**STORED DATA**.
====

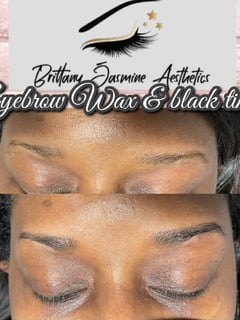 View Brow Shaping, Wax & Tweeze, Brow Technique, Brow Tinting, Brows - Brittany Atkins, Redford, MI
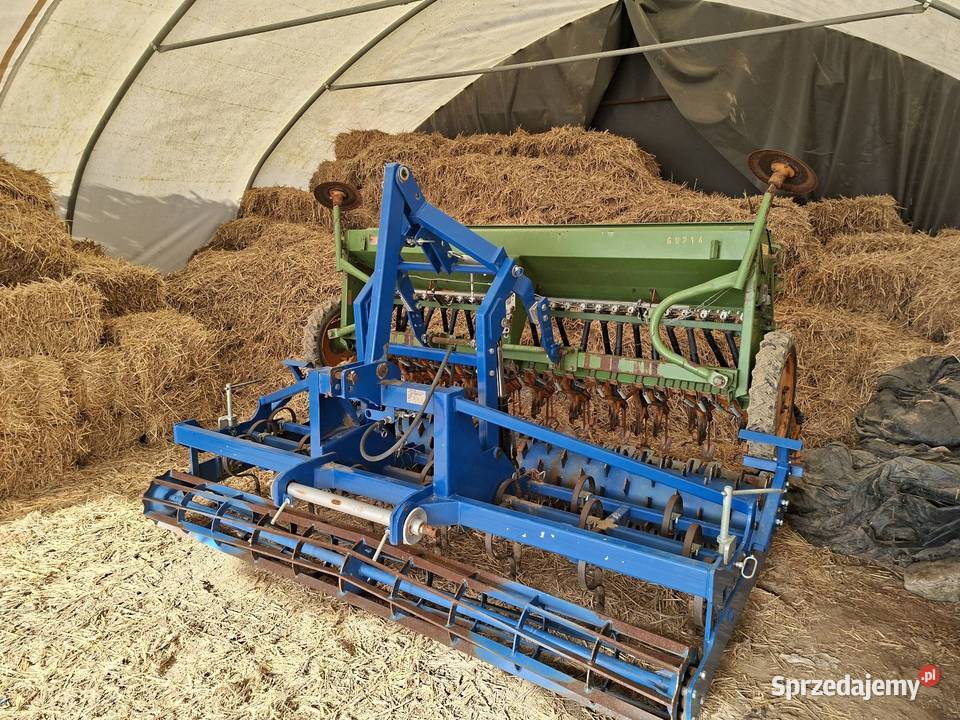 Agregat uprawowo siewny 3m Rolmako Amazone D7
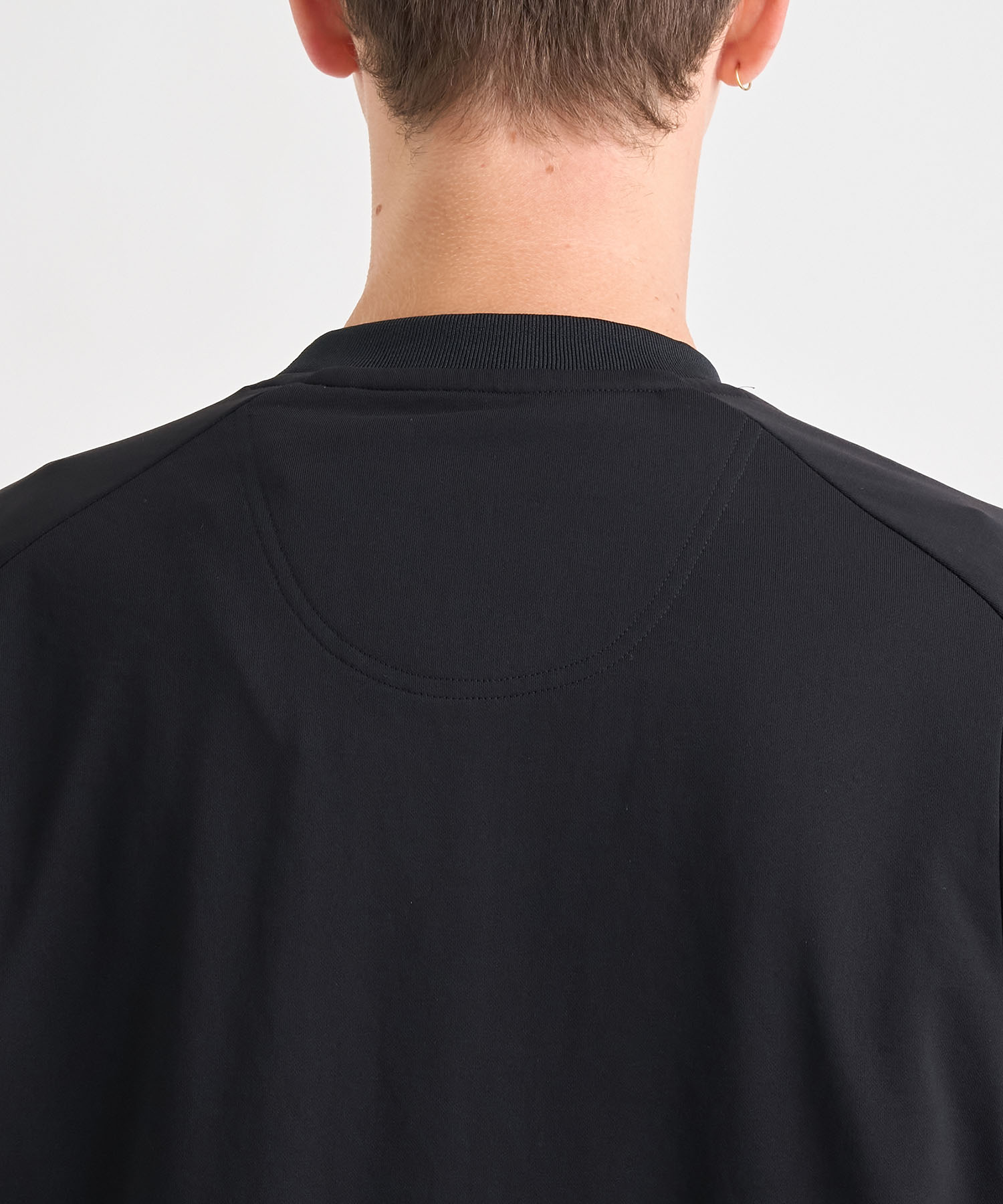 別注BLK SUPER LIGHT SWEAT PO White Mountaineering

====

**WHAT THE EXERCISE ASKS**.
The answer should match the data above word for word, with no pictures in it.

**RESPONSE TO THIS TASK**.
 View Brow Shaping, Wax & Tweeze, Brow Technique, Brow Tinting, Brows - Brittany Atkins, Redford, MI
 Agregat uprawowo siewny 3m Rolmako Amazone D7
 別注BLK SUPER LIGHT SWEAT PO White Mountaineering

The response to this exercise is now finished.